At BILLION21, I built the computer vision components for the company's smart aquaculture system, targeting two tasks that manual observation could not handle consistently: whole-population behavior analysis and individual-level size estimation for olive flounder and stone flounder. The feeding control logic, edge hardware, and feeder mechanisms were developed by other teams at the company; my contribution was the vision signals those downstream modules depended on.

YOLO handled population-level behavior detection, tracking movement patterns across the tank to inform feeding decisions. SAM handled individual-level segmentation, producing size estimates for growth monitoring. Both models were tuned for real farm imaging conditions rather than research datasets.

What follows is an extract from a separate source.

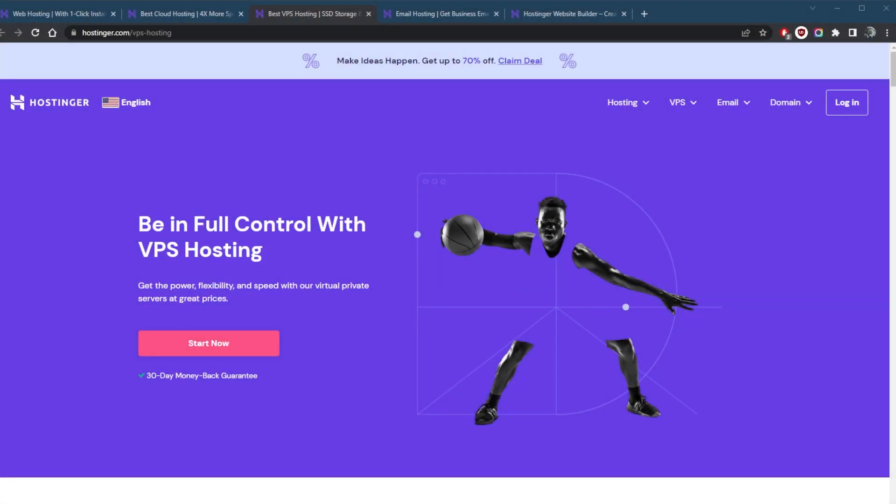How's it going, everybody? Welcome back. Today, we're going to be talking about the different types of web hosting.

The components were deployed in real production environments and contributed to BILLION21's commercial product development. The operational data such systems generate, feeding logs, growth time series, and environmental sensor traces, is precisely what the DEMETER smart-aquaculture extension (see ongoing applications above) is being built to verify and share across parties.

This experience shaped a principle that guides my infrastructure work: the key challenge in agricultural technology is not applying the newest method, but building systems that operate reliably under real production constraints.

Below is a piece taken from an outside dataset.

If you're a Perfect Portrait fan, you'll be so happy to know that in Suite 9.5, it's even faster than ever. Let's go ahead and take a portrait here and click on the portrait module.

2 Laver Spore Selection System Computer Vision · Machine Learning · Microscopy

In Korean laver farming, spores are cultivated in water tanks and implanted onto nets wrapped around rotating frames. Verifying whether enough spores have attached to each net section determines harvest readiness, but this was done entirely by hand and eye, limiting efficiency and consistency across large-scale operations.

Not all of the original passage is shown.